A peek behind the paper – a strategy for global QSAR modeling
We take a peek behind the paper with first author Jonna Stålring; can a quantitative structure–activity relationship model predicting human liver microsomal stability be developed and confidently applied to drug discovery?
Jonna Stålring earned her PhD in 2001 with a thesis focused on method development for multi-configurational electronic wavefunctions. During her PhD she co-authored the quantum chemistry software package, MOLCAS.
For the past 15 years, Stålring’s major research interest has been the application of machine learning algorithms within chemometrics, image analysis and ADMET predictions in drug discovery. Stålring has strived to develop methodology within the QSAR area, through her own ideas and by introduction of new methods in collaboration with machine learning scientists. In 2011, Stålring published a paper about the QSAR platform AZOrange that has been publicly available ever since to support modeling and method development within the QSAR area.
Stålring has conducted her research in various scientific positions at AstraZeneca (Gothenburg, Sweden) and Medivir (Huddinge, Sweden), and is currently a Principal Scientist at LEO Pharma (Ballerup, Denmark).
Can you give us a short summary of your recent research article, ‘Confident application of a global human liver microsomal activity QSAR’?
The paper describes a strategy for global QSAR modeling, which is particularly applicable to limited datasets. The strategy entails two methods: one method for efficient use of data, termed project-specific hold-out sampling, and another method for selection and validation of a prediction confidence algorithm accounting for the different origins of lack of predictivity, termed holistic prediction confidence (HPC).
Despite the limited size of the data set (2000 compounds), the methodology makes it possible to develop a global human liver microsomal (HLM) QSAR model that can be confidently applied in new drug discovery (DD) projects. In my opinion, the methodology is also useful for datasets containing tens of thousands of compounds as, relative to the size of chemical space, all QSAR datasets are limited.
What inspired you to carry out this research?
I believe that global QSAR models are often misused in DD, because the importance of the applicability domain (AD) is generally underestimated. The situation illustrates the challenges associated with transferring methods between disciplines. Within the machine learning area, most research is based on the assumption of independently and identically distributed data. Hence, in general, machine learning methods do not address violations of the independently and identically distributed criteria.

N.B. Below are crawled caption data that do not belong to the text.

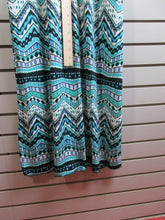 Load image into Gallery viewer, En Focus Studio Dress Womens 6 Small Geometric Sleeveless Maxi Spandex Ladies

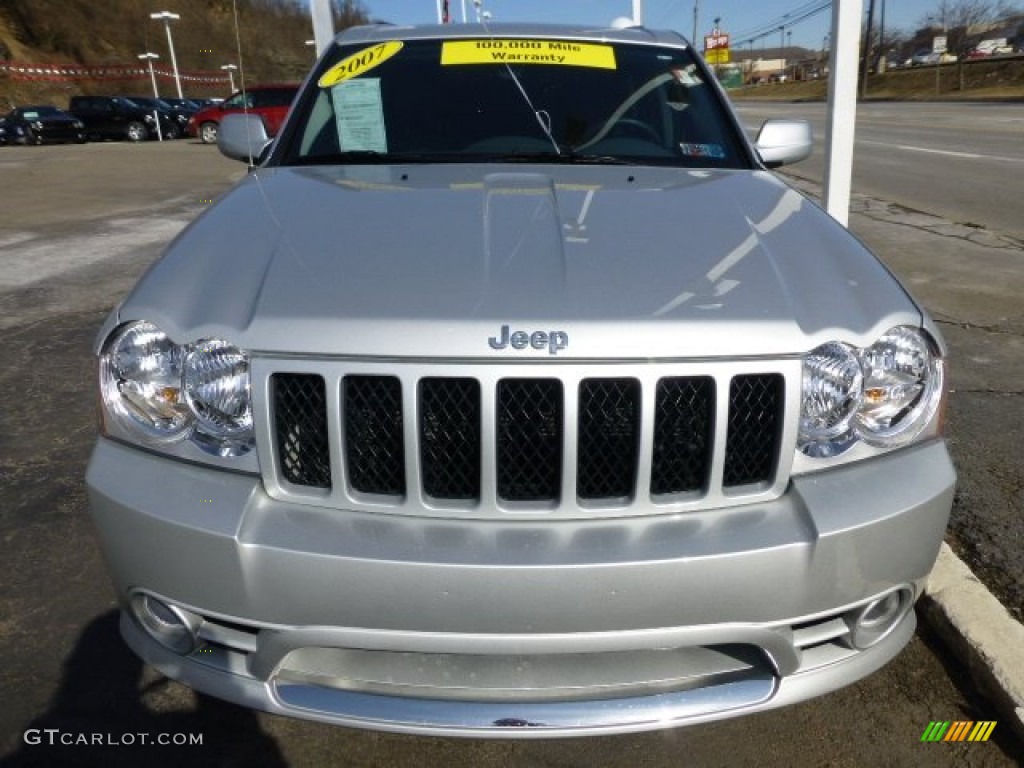 Bright Silver Metallic 2007 Jeep Grand Cherokee SRT8 4x4 Exterior Photo #78014292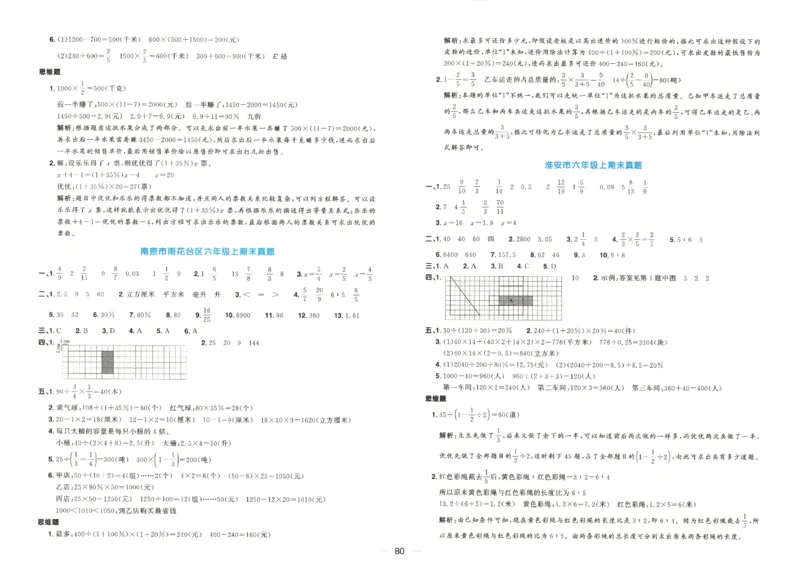 2025秋《阳光同学全优好卷》数学6上SJ_25秋小学语数英习题试卷_数学_苏教版_数学《阳光同学全优好卷》苏教25秋(1)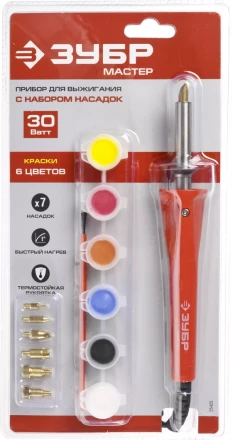 Приборы для выжигания с набором насадок и красками серия МАСТЕР купить в Нефтеюганске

Due to the very nature of DD, new parts of chemical space are continuously explored and these parts are most often not independent nor identically distributed with the training set used during model development. These differences in distribution are overlooked when the generalization accuracy of a model is solely quantified by randomly sampled test sets, including cross-validation. The resulting accuracy could be completely misleading as an indication of the performance in the future applied setting. In my opinion, a QSAR model and its confidence metrics should be evaluated by several test sets, one randomly sampled from the training set and others representing future variations, such as new congeneric series.
Many scientists define the AD or prediction confidence somehow. However, the validation of the AD methodology, similarly to the validation of the model accuracy, is often overlooked, resulting in disappointing accuracy of model predictions in DD projects. The lack of validation of the AD method, in conjuction with an overoptimistic quantification of the generalization accuracy resulting from random test sampling, has created a poor reputation for global QSAR models that I would like to influence by providing a method to address this challenge.
What were the key conclusions?
The study shows that by using HPC, a global HLM model can also be confidently applied in DD projects lacking any compounds in the training set of the model. For projects with very dissimilar compounds, all compounds are likely to be considered outside of the AD. However, by updating the model with as few as tens of compounds, the model rapidly becomes useful for new chemistry. The results show the importance of internal model development and updating for prediction of HLM activity.
What challenges did you come across?
For a computational scientist it is always challenging to understand and interpret biological data. My co-authors Anna-Karin Sohlenius-Sternbeck and Ylva Terelius were a great help in defining and pruning the dataset. I’d also like to acknowledge the stimulating discussions with Kevin Parkes.
What work are you hoping to do next in this area?
In this study, HPC and project-specific hold-out sampling has only been applied to one dataset. I would like to extend the study to multiple data sets to prove that the approach can generally increase the confidence in global QSAR predictions and thereby transform the application of global QSAR models in DD.